Secondly, because the proposed algorithm does not need to ﬁt the learning curve, the predicted performance is better than the existing approaches based on the learning curve.

This is theoretically evidenced by the universal approximation theorem [56] that the learning curvebased approaches can achieve promising performance only when the learning curve is smooth. However, in practice, the learning curve is not always smooth.

IV. EXPERIMENT DESIGN

Two experiments are performed in this paper:

investigating the classiﬁcation performance of the proposed performance predictor with AE-CNN.
inspecting the efﬁciency of the proposed performance predictor.

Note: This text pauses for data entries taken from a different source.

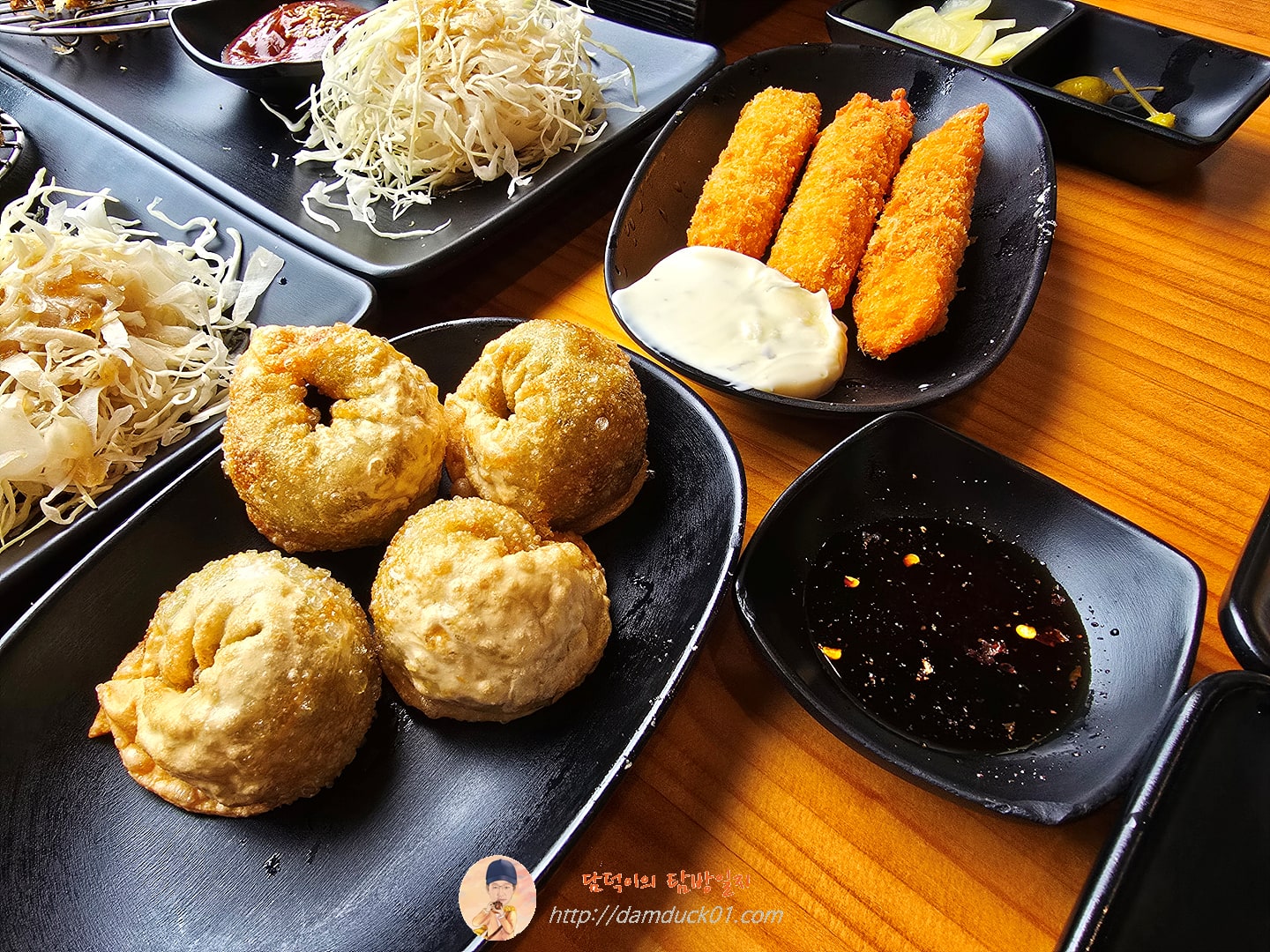 군만두, 대게튀김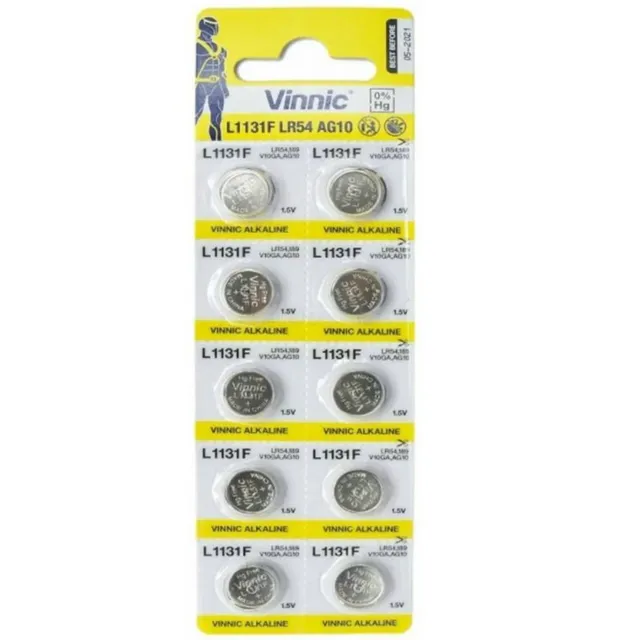 PILAS AG10-LR54 - BLISTER X 10 UNIDADES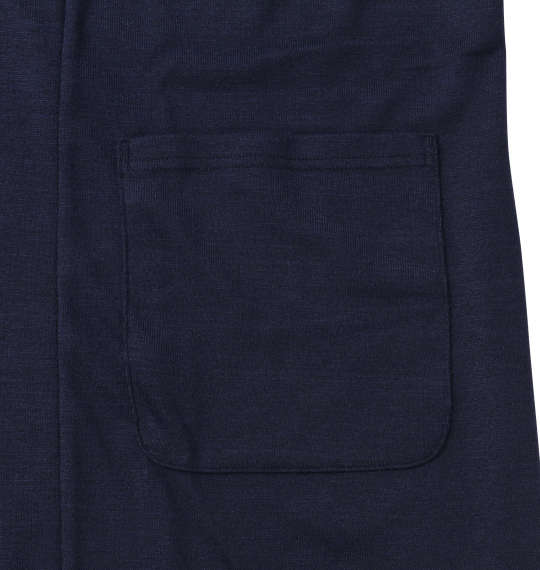 launching pad 五分袖コーディガン+半袖Tシャツ ネイビー×ブラック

In this section, the selected peer competitors and benchmark datasets, as well as the parameter settings for these two types of experiments, are detailed.

A. Peer Competitors

In comparing the classiﬁcation performance, the chosen peer competitors are divided into three different categories:

the state-of-the-art CNNs whose architectures are manually designed.
- The ﬁrst category covers DenseNet [50], ResNet [54], Maxout [57], VGG [58], Network in Network [59], Highway Network [60], All-CNN [61], FractaNet [62]. Considering the promising performance of ResNet.
  We use its two different versions: ResNet with the depths of 101 and 1,202, respectively. For the convenience of the discussion, they are denoted as ResNet (depth=101) and ResNet (depth=1,202), respectively.
the state-of-the-art CNN architecture designs based on non-evolutionary algorithms (mainly based on reinforcement learning).
- The second category consists of NAS [9], MetaQNN [8], EAS [9], and Block-QNN-S [10].
and the state-of-the-art EDL algorithms.
- The third category includes Genetic CNN [11], Large-scale Evolution [12], Hierarchical Evolution [13], and CGP-CNN [14].

Considering the proposed performance predictor is introduced in a case study of AE-CNN, AE-CNN combined with E2EPP (denoted as AE-CNN+E2EPP) is chosen to perform this experiment.